Bronwen, diolch o galon. A heartfelt thank you.
This has truly touched me, diolch. And you know that I learn and gain just as much from all of you inspiring learners who constantly surprise and delight me, and who never let me forget why I've chosen this path in life. The verb 'dysgu' in Welsh, as you know, means both 'to teach' and 'to learn', which for some is a source of amusement. But the Welsh got it right (well, actually, the Welsh got it from the Romans, I think). 'Dysgu' isn't the oxymoron many believe it to be. Teaching, for me, is synonymous with 'life-long learning', and that happens to be my passion in life. Learning. That's why I teach. Or to put it in other words, that's why I help people who are, in fact, teaching themselves.
So, on that note, I would like to say a huge DIOLCH to everyone who is learning Welsh, especially to those from whom I've had the pleasure of dysgu-ing. And by that, I mean 'learning' as well as 'teaching'.
Been quiet on here because it's a forum that flutters its eyelashes at me with a 'c'mon, just answer one little question, just one before breakfast now, you can shower after explaining the wonderful complexities of the verb 'bues i', c'mon you know you want to', and by the time I lift my head up from the screen, I realise it's the year 2037 and I'm still in my pyjamas, un-breakfasted and unwashed. THAT's how obsessive I can be if I don't curb my enthusiasm. You've seen me in class.
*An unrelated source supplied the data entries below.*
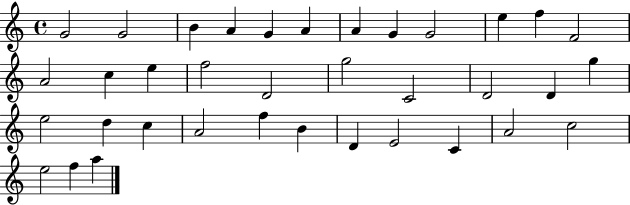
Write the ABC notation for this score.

X:1
T:Untitled
M:4/4
L:1/4
K:C
G2 G2 B A G A A G G2 e f F2 A2 c e f2 D2 g2 C2 D2 D g e2 d c A2 f B D E2 C A2 c2 e2 f a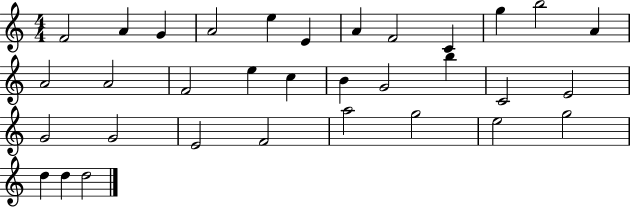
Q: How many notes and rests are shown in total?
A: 33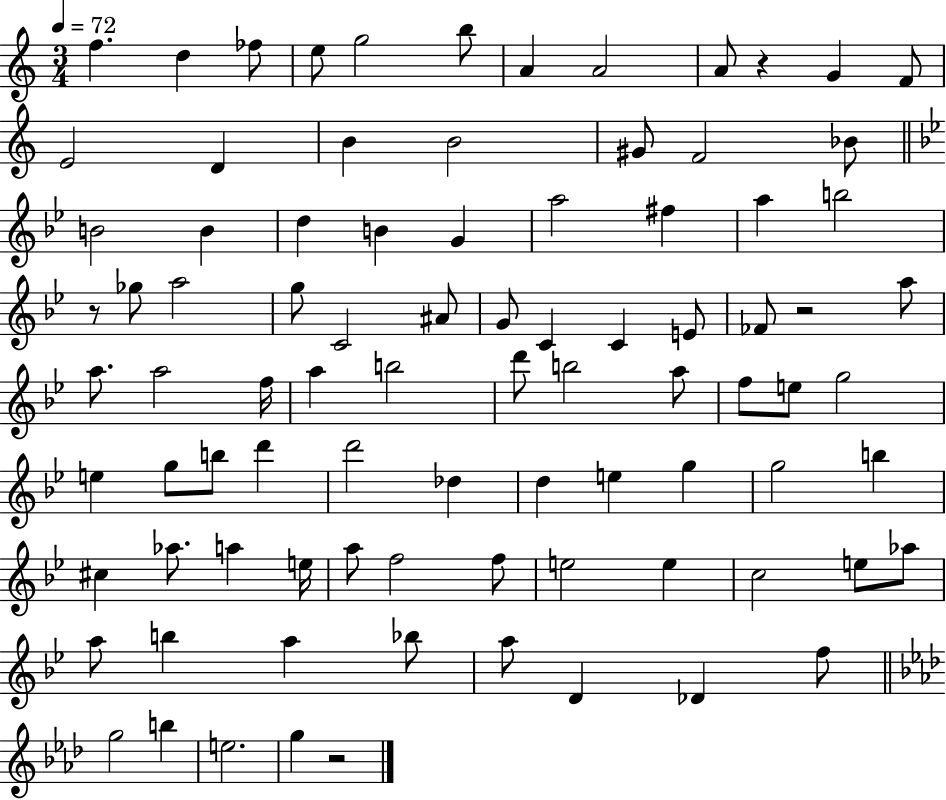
F5/q. D5/q FES5/e E5/e G5/h B5/e A4/q A4/h A4/e R/q G4/q F4/e E4/h D4/q B4/q B4/h G#4/e F4/h Bb4/e B4/h B4/q D5/q B4/q G4/q A5/h F#5/q A5/q B5/h R/e Gb5/e A5/h G5/e C4/h A#4/e G4/e C4/q C4/q E4/e FES4/e R/h A5/e A5/e. A5/h F5/s A5/q B5/h D6/e B5/h A5/e F5/e E5/e G5/h E5/q G5/e B5/e D6/q D6/h Db5/q D5/q E5/q G5/q G5/h B5/q C#5/q Ab5/e. A5/q E5/s A5/e F5/h F5/e E5/h E5/q C5/h E5/e Ab5/e A5/e B5/q A5/q Bb5/e A5/e D4/q Db4/q F5/e G5/h B5/q E5/h. G5/q R/h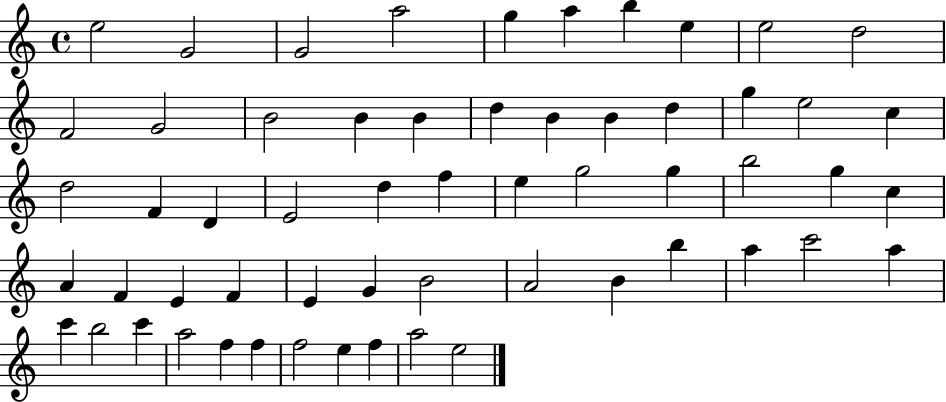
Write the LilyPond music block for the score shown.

{
  \clef treble
  \time 4/4
  \defaultTimeSignature
  \key c \major
  e''2 g'2 | g'2 a''2 | g''4 a''4 b''4 e''4 | e''2 d''2 | \break f'2 g'2 | b'2 b'4 b'4 | d''4 b'4 b'4 d''4 | g''4 e''2 c''4 | \break d''2 f'4 d'4 | e'2 d''4 f''4 | e''4 g''2 g''4 | b''2 g''4 c''4 | \break a'4 f'4 e'4 f'4 | e'4 g'4 b'2 | a'2 b'4 b''4 | a''4 c'''2 a''4 | \break c'''4 b''2 c'''4 | a''2 f''4 f''4 | f''2 e''4 f''4 | a''2 e''2 | \break \bar "|."
}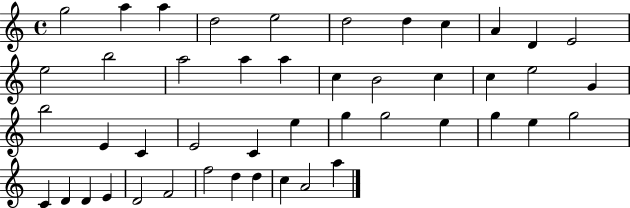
{
  \clef treble
  \time 4/4
  \defaultTimeSignature
  \key c \major
  g''2 a''4 a''4 | d''2 e''2 | d''2 d''4 c''4 | a'4 d'4 e'2 | \break e''2 b''2 | a''2 a''4 a''4 | c''4 b'2 c''4 | c''4 e''2 g'4 | \break b''2 e'4 c'4 | e'2 c'4 e''4 | g''4 g''2 e''4 | g''4 e''4 g''2 | \break c'4 d'4 d'4 e'4 | d'2 f'2 | f''2 d''4 d''4 | c''4 a'2 a''4 | \break \bar "|."
}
On a slightly more serious note, I've been quiet because I had a beast of a relapse and lost the use of my hands for a few months among other things that the nervous system does to one when it goes into 'mischief-making' mode. Just taking things slowly atm. It's Mererid v. the urge to sleep all day, atm. But I think I'm winning.
Actually, my students keep me going! Had a great session this morning on Skype - in full Ninja Welsh mode - mixing tenses in one sentence, the differences between 'who' and 'whom' in Welsh, mutating direct objects. And now, it's time to eat breakfast, get washed and check what year we're in.
Eto, diolch o waelod calon, Bronwen.